Note on pan size: The original recipe calls for a 9″ x 11″ pan, but any pan with a similar surface area will work. Actually, any pan will work – it will just change the thicknesses (and aesthetics) of the layers and the amount of time the dessert takes to chill and set.
Azuki Coffee Jelly
From my fifth grade teacher
Yield: 9″ x 11″ pan
- 4 envelopes (about 4 rounded tablespoons) unflavored gelatin
- 1/2 cup cold water
- 2 cups boiling water
- 3 teaspoons instant coffee
- 1 can sweetened condensed milk
- 1 can tsubushi-an (sweetened red bean paste with beans)
- In a large bowl, place 1/2 cup cold water, sprinkle in gelatin, and mix well. This step prevents lumps from forming.
- Stir in 2 cups boiling water.
- Stir in instant coffee, sweetened condensed milk, and tsubushi-an.
- Lightly grease a 9″ x 11″ pan (or a pan with a similar surface area) and pour in coffee-gelatin mix. The tsubushi-an will settle to the bottom in an even layer.
- Cover and place in refrigerator to chill overnight, or until set.
The applesauce spice bars are a nice, cinnamon-y snack to have around. I’m not sure why all the apple bits migrated to the center of the pan while baking, but regardless the bars taste fine.
Applesauce Spice Bars
Adapted from Dorie Greenspan’s Baking: From My Home to Yours
Yield: 32 bars
- 1 1/4 cups gluten-free OR all-purpose flour
- 1 teaspoon baking powder
- 1/4 teaspoon baking soda
- 1 teaspoon ground cinnamon
- 1/4 teaspoon ground allspice
- 1/4 teaspoon salt
- 8 tablespoons (1 stick) unsalted butter
- 1 cup light brown sugar OR 1 cup white sugar+dollop molasses
- 2 large eggs
- 1/2 cup unsweetened applesauce
- 1 teaspoon vanilla extract
- 1 tablespoon applejack OR brandy OR dark rum (optional)

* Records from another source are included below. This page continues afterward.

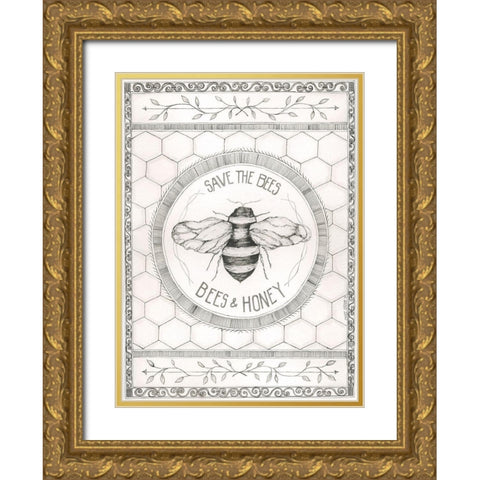 Save the Bees Gold Ornate Wood Framed Art Print with Double Matting by Shamp, Cindy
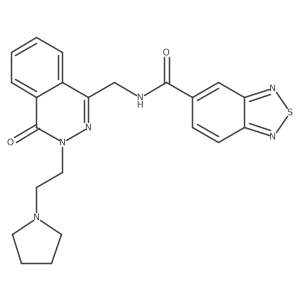 N-((4-oxo-3-(2-(pyrrolidin-1-yl)ethyl)-3,4-dihydrophthalazin-1-yl)methyl)benzo[c][1,2,5]thiadiazole-5-carboxamide结构式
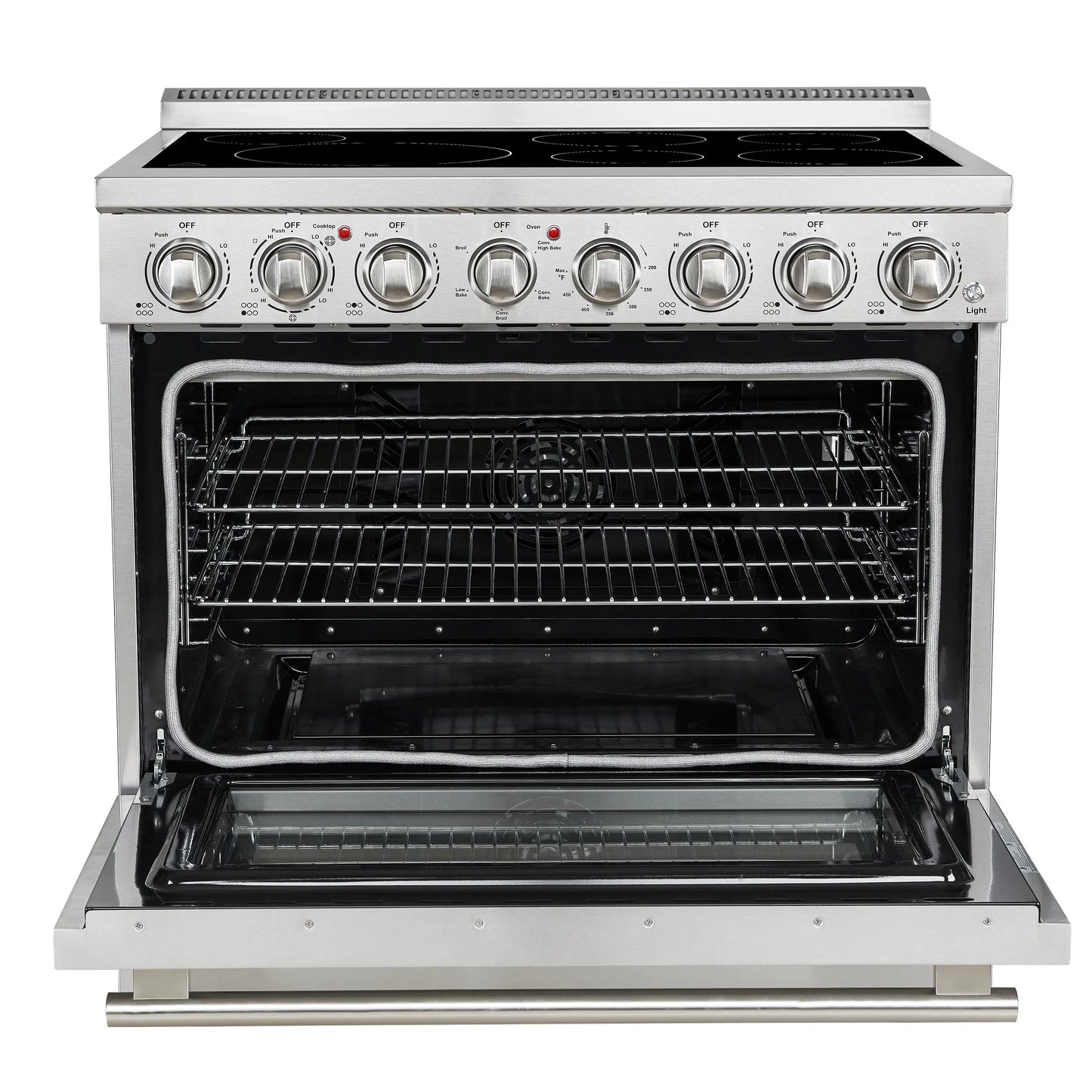 Forno Paolo 36 Inch Freestanding Electric Range, Stainless Steel, 5.44 cu.ft, True Convection Oven, Energy Efficient FORNO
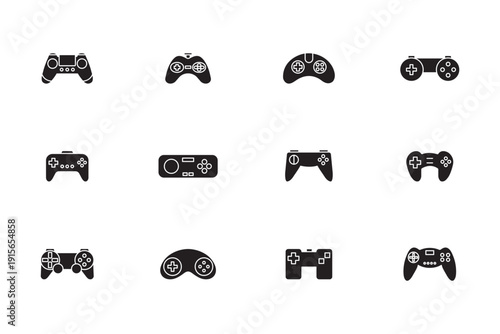 Gaming controller icon set. Silhouette style. Game console. Joystick icon collections. Gamepad icon set. Video game controller, joystick, console icon. Vector Illustration. Vector Graphic. EPS 10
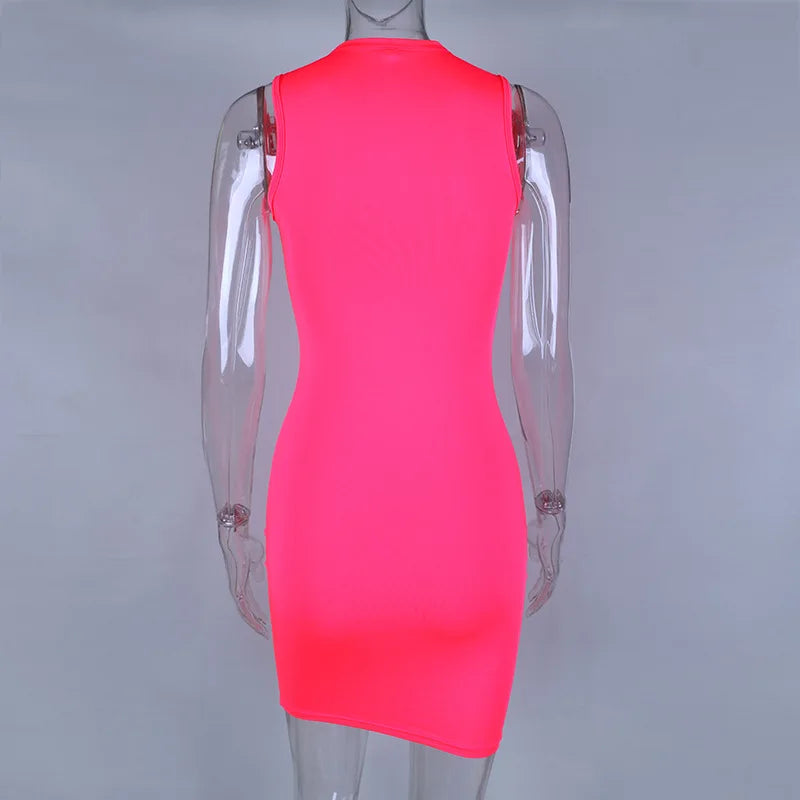 Neon Pink Sleeveless Party Bodycon Mini Dress for Women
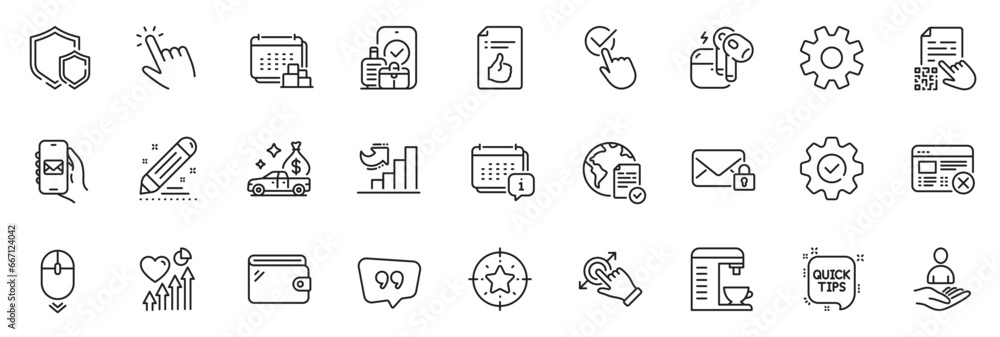 Icons pack as Checkbox, Coffee machine and Quick tips line icons for app include Secure mail, Execute, Brand contract outline thin icon web set. Cursor, Approved document. Vector Icons pack as Checkbox, Coffee machine and Quick tips line icons for app include Secure mail, Execute, Brand contract outline thin icon web set. Cursor, Approved document. Vector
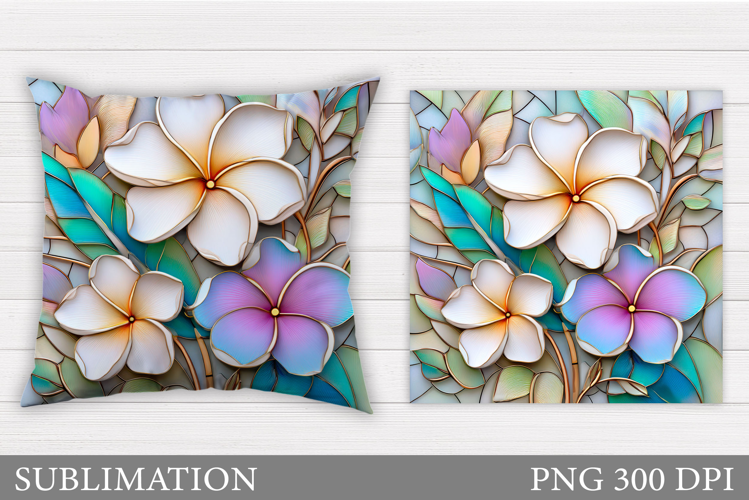 Tropical Flowers Pillow Design. Floral Pillow Sublimation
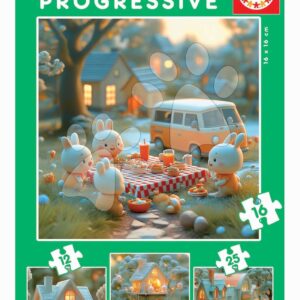 Puzzle Zajíčci Bunny City Progressive Educa progresivní 12-16-20-25 dílů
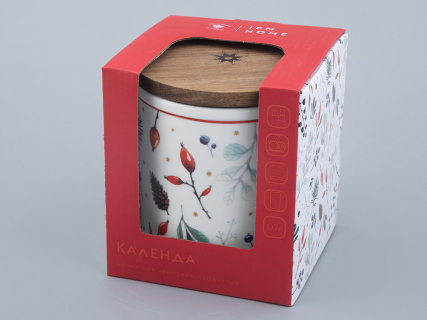 Банка с деревянной крышкой (средняя 120мм) форма Стандартная рисунок Календа арт. 42.00039.00.1, 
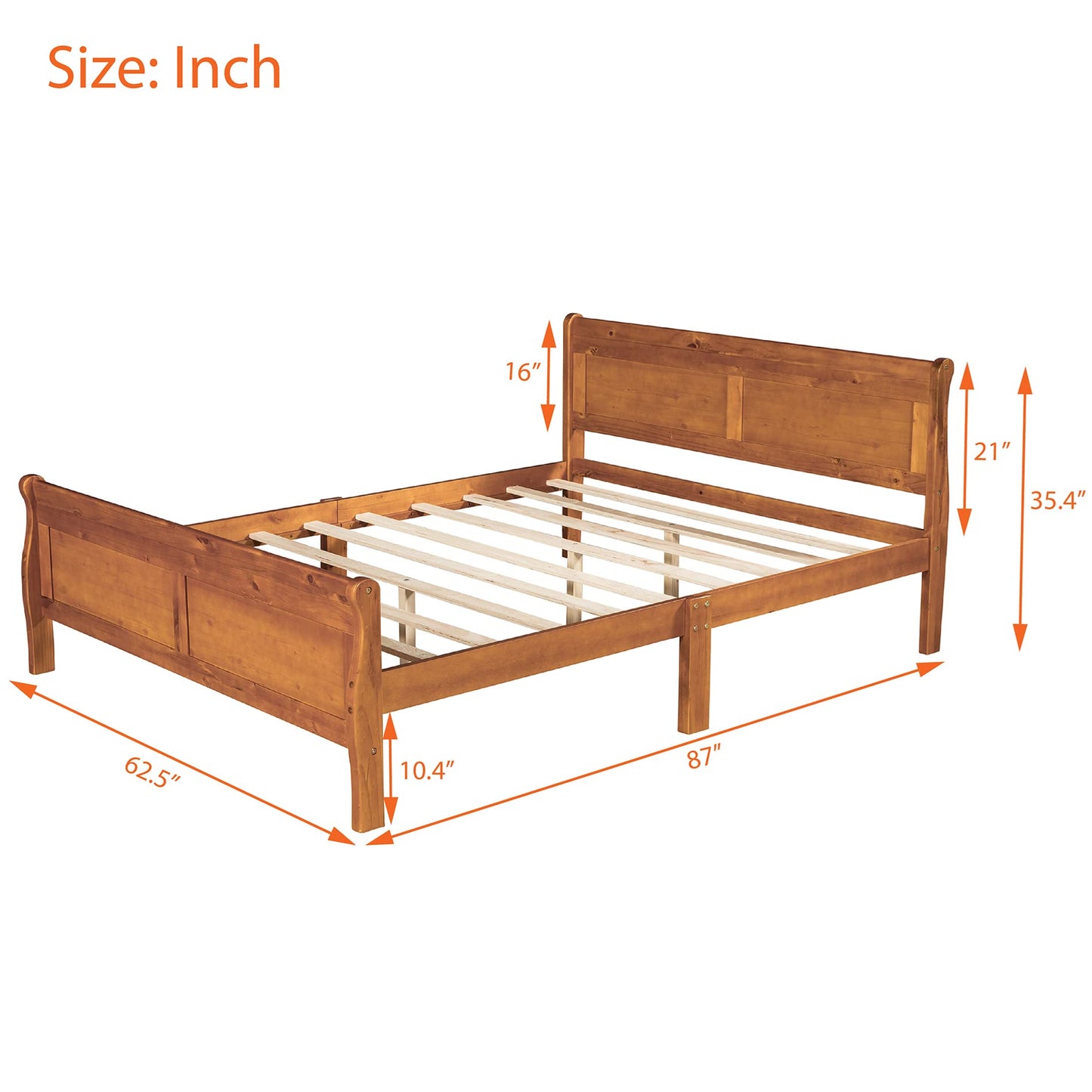 GDFStudio Queen Bed Frame, Wood Platform Queen Size Bed Frame with Headboard and Solid Wood Slat Support, Mid Century Modern Wooden Bed Frame for Bedroom Guest Room, No Box Spring Needed, Oak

- 1 baking apple (such as Rome or Cortland, but I used a Fuji and it worked)
- 1/2 cup raisins
- 1/2 cup pecans, chopped (optional)
For glaze (optional):
- 2 1/2 tablespoons heavy cream OR 2 tablespoons milk
- 1/3 cup light brown sugar OR 1/3 cup white sugar+dollop molasses
- 2-2 1/2 teaspoons unsalted butter
- 1 teaspoon agave nectar OR light corn syrup
- 1/2 teaspoon pure vanilla extract (optional)
- Center a rack in the oven and preheat to 350ºF. Line a 9″ x 13″ baking pan with aluminum foil and butter or spray with cooking spray. Place on a baking sheet.
- Peel, core, and finely dice or chop apple. Set aside.
- In a medium bowl, whisk together flour, baking powder, baking soda, spices, and salt.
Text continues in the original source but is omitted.